The entire listing, reproduced exactly and stripped of images, is the expected output.

■ **Data segment**
——————
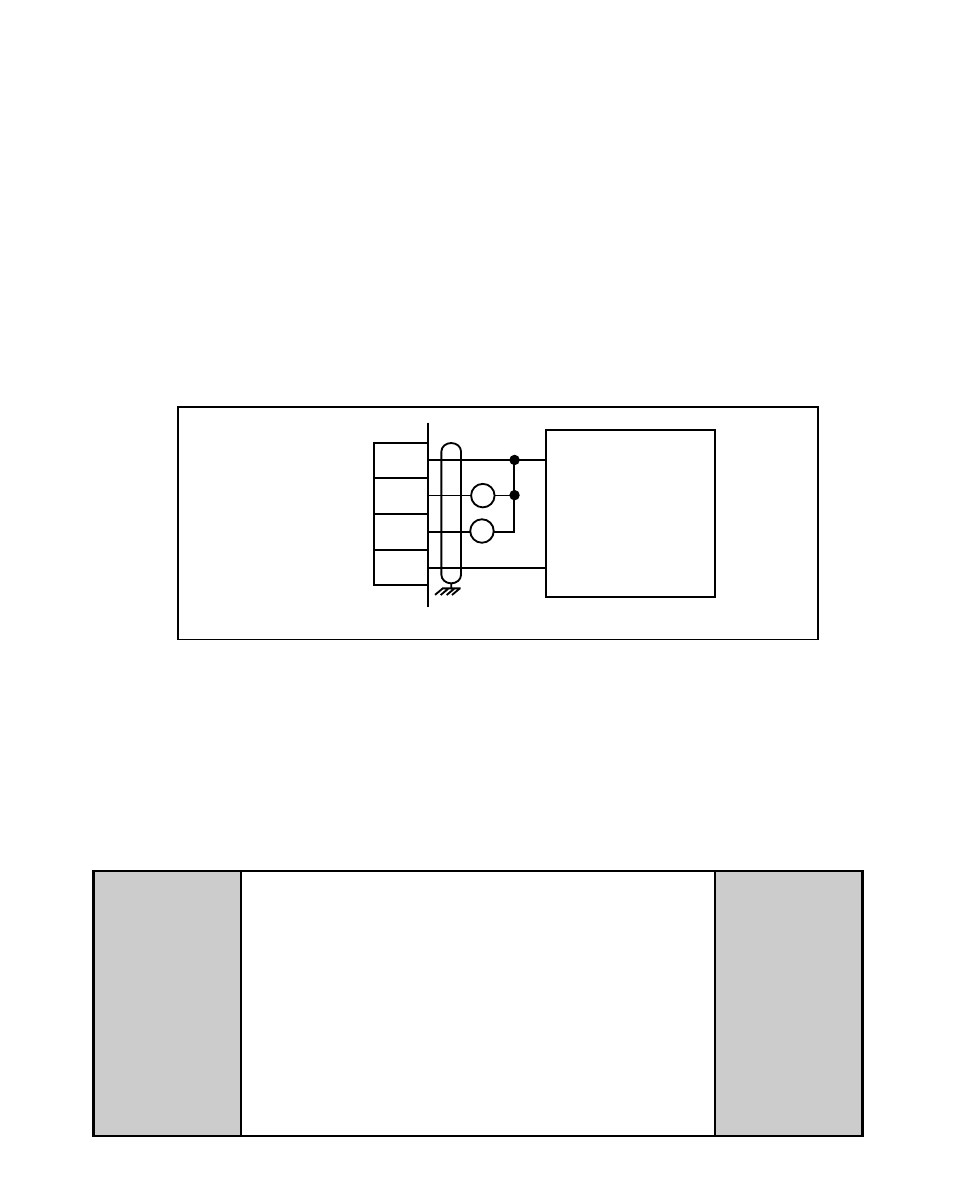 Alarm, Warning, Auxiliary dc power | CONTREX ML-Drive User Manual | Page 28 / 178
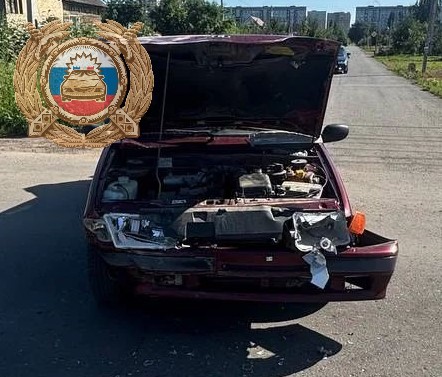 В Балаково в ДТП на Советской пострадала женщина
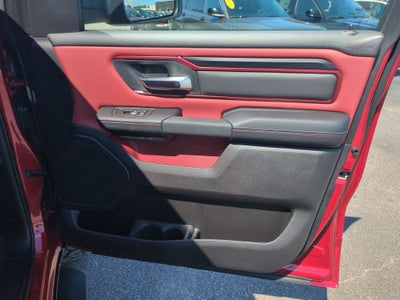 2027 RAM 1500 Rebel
——————
■ **Task answer**
 Alarm, Warning, Auxiliary dc power | CONTREX ML-Drive User Manual | Page 28 / 178
 В Балаково в ДТП на Советской пострадала женщина
 2027 RAM 1500 Rebel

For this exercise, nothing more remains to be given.